This is the Age wherein (me-thinks) Philosophy comes in with a Spring-tide; and the Peripateticks may as well hope to stop the Current of the Tide, or (with Xerxes) to fetter the Ocean, as hinder the overflowing of free Philosophy: Me-thinks, I see how all the old Rubbish must be thrown away, and the rotten Buildings be overthrown, and carried away with so powerful an Inundation. These are the days that must lay a new Foundation of a more magnificent Philosophy, never to be overthrown: that will Empirically and Sensibly canvass the Phaenomena of Nature, deducing the Causes of things from such Originals in Nature, as we observe are producible by Art, and the infallible demonstration of Mechanicks: and certainly, this is the way, and no other, to build a true and permanent Philosophy …
– Henry Power, Experimental Philosophy (1664)

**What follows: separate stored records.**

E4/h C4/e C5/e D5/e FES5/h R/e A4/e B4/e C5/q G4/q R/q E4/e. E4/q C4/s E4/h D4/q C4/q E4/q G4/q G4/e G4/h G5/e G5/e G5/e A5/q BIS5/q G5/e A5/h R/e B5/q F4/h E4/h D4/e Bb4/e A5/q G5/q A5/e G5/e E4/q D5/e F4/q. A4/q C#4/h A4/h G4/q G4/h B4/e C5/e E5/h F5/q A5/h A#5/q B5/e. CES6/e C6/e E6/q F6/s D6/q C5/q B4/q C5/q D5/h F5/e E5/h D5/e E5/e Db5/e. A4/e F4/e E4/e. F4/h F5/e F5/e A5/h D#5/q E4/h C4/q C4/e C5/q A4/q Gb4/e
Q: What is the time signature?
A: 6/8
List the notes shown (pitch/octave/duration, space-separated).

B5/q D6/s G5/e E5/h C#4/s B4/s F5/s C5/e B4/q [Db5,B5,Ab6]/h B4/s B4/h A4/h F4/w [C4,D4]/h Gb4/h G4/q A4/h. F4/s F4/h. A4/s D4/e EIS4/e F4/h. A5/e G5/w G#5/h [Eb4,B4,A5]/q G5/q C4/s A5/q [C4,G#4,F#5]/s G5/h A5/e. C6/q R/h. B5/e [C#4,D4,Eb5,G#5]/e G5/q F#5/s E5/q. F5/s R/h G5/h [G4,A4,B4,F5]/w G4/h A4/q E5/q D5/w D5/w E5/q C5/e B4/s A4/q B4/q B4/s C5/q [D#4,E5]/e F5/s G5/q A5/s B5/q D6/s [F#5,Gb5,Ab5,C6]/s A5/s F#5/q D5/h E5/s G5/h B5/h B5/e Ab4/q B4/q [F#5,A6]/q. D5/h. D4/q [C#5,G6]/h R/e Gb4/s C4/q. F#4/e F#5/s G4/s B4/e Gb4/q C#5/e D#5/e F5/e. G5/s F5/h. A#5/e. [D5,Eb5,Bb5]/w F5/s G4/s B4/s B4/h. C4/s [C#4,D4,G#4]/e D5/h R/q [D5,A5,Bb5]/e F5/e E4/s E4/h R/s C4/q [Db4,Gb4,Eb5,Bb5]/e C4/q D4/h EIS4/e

Modern science was invented between 1572, when Tycho Brahe saw a nova, or new star, and 1704, when Newton published his Opticks, which demonstrated that white light is made up of light of all the colours of the rainbow, that you can split it into its component colours with a prism, and that colour inheres in light, not in objects.1 There were systems of knowledge we call ‘sciences’ before 1572, but the only one which functioned remotely like a modern science, in that it had sophisticated theories based on a substantial body of evidence and could make reliable predictions, was astronomy, and it was astronomy that was transformed in the years after 1572 into the first true science. What made astronomy in the years after 1572 a science? It had a research programme, a community of experts, and it was prepared to question every long-established certainty (that there can be no change in the heavens, that all movement in the heavens is circular, that the heavens consist of crystalline spheres) in the light of new evidence. Where astronomy led, other new sciences followed.
To establish this claim it is necessary to look not only at what happened between 1572 and 1704 but also to look backwards, at the world before 1572, and forwards, at the world after 1704; it is also necessary to address some methodological debates. Chapters 6 to 12, which deal with the core period 1572 to 1704, constitute the main body of this book; Chapters 3, 4 and 5 look primarily at the world before 1572, and Chapters 13 and 14 at the world both somewhat before and somewhat after 1704. Chapters 2, 15, 16 and 17 deal with historiography, methodology and philosophy.
The two chapters of the Introduction lay the foundations for everything that follows. The first chapter briefly suggests what the book is about. The second explains where the idea of ‘the Scientific Revolution’ comes from, why some think there was no such thing, and why it is a sound category for historical analysis.